> Work instruction: Needed from the data below: every line from the one with "Comme Des Garcons" up to and including the one with "Moroccan Floor &", repeated exactly and with nothing else.

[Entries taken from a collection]
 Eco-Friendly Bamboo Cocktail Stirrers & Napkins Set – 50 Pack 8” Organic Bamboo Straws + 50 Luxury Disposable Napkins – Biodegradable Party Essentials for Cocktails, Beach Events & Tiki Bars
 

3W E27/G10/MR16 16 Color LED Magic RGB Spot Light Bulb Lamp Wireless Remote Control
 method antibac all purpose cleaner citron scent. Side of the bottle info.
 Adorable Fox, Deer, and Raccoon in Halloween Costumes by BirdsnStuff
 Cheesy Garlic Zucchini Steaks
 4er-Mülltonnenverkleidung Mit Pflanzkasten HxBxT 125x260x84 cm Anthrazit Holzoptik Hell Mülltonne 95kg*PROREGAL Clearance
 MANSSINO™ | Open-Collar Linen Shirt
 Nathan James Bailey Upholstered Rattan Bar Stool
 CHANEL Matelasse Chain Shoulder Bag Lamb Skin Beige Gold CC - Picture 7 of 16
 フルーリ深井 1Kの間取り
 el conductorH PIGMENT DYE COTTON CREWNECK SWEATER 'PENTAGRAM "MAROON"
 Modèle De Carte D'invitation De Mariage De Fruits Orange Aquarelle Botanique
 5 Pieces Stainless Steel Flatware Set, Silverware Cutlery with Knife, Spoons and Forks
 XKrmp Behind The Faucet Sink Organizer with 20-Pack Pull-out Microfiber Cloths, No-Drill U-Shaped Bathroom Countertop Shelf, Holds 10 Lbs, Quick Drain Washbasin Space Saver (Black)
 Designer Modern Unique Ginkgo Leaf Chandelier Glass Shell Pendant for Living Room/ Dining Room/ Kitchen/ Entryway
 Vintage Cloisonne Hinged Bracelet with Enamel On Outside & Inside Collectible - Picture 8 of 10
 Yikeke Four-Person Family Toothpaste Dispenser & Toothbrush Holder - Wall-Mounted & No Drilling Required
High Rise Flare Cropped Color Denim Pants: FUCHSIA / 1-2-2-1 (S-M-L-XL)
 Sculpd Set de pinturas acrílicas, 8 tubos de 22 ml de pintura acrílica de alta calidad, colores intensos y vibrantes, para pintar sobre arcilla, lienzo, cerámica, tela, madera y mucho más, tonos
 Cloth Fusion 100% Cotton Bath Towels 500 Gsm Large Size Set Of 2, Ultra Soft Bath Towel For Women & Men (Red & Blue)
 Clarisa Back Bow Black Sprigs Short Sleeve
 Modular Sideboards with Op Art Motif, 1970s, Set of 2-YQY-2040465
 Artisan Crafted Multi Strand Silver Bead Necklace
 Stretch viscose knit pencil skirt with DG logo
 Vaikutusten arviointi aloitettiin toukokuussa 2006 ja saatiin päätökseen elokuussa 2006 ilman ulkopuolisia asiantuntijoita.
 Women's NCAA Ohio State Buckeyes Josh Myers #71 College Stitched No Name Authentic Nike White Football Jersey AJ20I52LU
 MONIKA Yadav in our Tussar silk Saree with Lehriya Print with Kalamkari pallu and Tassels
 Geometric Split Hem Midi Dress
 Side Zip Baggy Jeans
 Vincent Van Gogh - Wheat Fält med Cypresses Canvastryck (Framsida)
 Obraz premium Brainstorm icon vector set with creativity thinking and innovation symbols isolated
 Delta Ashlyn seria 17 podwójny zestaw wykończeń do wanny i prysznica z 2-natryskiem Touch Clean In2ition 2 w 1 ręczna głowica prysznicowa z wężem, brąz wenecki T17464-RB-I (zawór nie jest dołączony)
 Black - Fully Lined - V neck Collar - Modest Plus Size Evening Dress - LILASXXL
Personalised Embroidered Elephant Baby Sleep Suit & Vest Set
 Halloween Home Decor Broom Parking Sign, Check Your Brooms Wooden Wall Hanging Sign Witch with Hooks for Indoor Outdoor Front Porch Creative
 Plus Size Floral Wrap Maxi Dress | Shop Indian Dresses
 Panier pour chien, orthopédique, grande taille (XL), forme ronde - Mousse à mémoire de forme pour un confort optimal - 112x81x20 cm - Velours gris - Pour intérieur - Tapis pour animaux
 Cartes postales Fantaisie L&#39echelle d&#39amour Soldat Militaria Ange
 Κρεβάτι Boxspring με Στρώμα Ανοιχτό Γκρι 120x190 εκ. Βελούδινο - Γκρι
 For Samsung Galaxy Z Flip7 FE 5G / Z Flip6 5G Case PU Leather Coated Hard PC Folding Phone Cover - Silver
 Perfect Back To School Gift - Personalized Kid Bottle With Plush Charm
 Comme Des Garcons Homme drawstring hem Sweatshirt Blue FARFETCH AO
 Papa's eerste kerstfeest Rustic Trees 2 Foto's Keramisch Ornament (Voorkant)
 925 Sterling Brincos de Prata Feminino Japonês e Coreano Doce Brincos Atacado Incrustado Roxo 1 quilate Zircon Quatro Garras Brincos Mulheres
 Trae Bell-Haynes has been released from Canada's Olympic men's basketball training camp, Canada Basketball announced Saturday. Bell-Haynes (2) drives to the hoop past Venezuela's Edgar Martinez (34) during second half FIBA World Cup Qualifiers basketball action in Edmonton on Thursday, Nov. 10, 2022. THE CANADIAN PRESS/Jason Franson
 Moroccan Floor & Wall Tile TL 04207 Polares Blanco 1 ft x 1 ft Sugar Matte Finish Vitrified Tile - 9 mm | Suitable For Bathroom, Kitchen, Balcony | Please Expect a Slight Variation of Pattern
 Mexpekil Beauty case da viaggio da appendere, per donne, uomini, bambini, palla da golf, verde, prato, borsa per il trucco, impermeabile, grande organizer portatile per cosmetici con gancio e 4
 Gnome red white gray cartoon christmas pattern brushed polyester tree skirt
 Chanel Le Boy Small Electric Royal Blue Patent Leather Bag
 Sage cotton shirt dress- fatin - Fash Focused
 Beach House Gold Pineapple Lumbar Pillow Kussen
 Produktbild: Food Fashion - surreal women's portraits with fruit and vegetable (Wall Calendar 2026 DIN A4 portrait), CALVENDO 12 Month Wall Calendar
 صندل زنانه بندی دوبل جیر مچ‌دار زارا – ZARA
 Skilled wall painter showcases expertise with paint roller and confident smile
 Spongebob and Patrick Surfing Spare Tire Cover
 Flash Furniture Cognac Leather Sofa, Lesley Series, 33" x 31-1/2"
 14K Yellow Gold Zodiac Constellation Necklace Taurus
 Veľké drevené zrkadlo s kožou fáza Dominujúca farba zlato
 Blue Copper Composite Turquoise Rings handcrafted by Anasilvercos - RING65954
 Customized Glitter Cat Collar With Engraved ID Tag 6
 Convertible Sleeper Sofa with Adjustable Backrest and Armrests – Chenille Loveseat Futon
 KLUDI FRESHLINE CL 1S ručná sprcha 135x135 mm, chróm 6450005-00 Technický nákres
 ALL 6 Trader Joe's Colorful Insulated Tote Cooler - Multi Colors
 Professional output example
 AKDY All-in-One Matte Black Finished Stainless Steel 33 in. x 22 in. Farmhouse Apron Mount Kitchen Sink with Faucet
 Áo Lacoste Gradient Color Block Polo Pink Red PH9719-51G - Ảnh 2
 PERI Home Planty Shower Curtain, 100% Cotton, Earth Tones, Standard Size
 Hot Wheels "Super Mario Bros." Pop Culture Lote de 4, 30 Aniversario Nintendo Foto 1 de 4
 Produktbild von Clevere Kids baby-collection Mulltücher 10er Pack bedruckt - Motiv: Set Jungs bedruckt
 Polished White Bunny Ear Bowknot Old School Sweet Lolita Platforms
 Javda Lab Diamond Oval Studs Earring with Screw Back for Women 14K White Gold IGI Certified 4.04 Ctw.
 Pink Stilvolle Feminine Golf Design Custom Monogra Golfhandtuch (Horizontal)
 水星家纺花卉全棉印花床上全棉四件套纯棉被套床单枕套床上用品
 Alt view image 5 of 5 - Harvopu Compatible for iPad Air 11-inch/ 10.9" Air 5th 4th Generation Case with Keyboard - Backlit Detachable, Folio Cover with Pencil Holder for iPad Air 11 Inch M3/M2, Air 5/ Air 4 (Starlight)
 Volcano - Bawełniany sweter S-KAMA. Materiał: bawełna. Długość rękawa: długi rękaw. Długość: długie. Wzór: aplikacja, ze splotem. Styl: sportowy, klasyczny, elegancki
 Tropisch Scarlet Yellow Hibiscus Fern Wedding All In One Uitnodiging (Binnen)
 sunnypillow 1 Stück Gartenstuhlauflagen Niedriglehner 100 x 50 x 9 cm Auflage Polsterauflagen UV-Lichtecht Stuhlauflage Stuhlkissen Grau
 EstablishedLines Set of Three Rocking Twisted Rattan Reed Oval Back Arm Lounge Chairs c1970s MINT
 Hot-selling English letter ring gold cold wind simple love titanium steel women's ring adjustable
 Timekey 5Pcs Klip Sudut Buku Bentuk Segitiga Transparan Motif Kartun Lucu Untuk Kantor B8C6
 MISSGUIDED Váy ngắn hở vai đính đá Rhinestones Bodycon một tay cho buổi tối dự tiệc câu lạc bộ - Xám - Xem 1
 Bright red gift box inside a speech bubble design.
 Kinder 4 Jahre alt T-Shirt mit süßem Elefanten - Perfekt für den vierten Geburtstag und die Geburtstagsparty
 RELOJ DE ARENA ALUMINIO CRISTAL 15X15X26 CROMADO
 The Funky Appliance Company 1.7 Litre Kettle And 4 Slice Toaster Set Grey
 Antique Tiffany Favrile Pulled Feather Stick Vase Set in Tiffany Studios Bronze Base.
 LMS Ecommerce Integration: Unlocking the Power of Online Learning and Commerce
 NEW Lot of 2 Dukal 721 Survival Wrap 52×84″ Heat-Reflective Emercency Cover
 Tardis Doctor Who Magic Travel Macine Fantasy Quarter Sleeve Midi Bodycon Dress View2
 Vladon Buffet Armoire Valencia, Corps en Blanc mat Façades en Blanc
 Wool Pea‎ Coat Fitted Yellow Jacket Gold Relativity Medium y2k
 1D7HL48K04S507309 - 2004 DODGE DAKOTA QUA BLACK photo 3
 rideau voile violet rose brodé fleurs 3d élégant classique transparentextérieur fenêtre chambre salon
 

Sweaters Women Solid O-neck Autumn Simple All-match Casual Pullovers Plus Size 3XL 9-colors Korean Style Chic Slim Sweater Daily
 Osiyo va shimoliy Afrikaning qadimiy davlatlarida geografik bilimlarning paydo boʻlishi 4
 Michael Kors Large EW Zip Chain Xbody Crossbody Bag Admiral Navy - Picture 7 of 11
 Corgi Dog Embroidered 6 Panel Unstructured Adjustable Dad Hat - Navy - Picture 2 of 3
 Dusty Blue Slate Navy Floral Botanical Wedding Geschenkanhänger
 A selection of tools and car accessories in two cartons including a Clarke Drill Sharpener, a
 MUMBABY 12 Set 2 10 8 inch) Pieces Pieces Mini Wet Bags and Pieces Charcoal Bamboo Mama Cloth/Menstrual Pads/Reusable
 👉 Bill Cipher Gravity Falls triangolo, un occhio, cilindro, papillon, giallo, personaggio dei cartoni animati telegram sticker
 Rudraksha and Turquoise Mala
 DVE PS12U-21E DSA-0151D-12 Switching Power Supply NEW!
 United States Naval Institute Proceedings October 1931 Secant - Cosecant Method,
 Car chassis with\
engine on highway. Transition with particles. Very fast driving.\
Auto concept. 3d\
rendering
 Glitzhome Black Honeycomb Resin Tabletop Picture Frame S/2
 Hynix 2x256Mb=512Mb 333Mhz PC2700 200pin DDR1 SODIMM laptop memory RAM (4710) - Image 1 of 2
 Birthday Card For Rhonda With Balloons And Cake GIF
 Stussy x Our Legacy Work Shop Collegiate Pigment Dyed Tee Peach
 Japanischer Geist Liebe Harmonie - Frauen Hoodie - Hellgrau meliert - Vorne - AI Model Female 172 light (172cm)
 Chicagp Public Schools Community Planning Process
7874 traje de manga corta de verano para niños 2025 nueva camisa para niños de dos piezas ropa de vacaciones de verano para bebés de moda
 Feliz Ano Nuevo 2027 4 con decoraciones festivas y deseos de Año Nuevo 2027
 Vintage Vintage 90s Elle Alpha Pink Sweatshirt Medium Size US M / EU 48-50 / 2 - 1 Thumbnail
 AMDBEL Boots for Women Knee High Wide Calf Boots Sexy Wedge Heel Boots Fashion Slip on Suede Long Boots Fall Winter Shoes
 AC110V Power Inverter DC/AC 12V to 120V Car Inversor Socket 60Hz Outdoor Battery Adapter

> Answer space:
 Comme Des Garcons Homme drawstring hem Sweatshirt Blue FARFETCH AO
 Papa's eerste kerstfeest Rustic Trees 2 Foto's Keramisch Ornament (Voorkant)
 925 Sterling Brincos de Prata Feminino Japonês e Coreano Doce Brincos Atacado Incrustado Roxo 1 quilate Zircon Quatro Garras Brincos Mulheres
 Trae Bell-Haynes has been released from Canada's Olympic men's basketball training camp, Canada Basketball announced Saturday. Bell-Haynes (2) drives to the hoop past Venezuela's Edgar Martinez (34) during second half FIBA World Cup Qualifiers basketball action in Edmonton on Thursday, Nov. 10, 2022. THE CANADIAN PRESS/Jason Franson
 Moroccan Floor & Wall Tile TL 04207 Polares Blanco 1 ft x 1 ft Sugar Matte Finish Vitrified Tile - 9 mm | Suitable For Bathroom, Kitchen, Balcony | Please Expect a Slight Variation of Pattern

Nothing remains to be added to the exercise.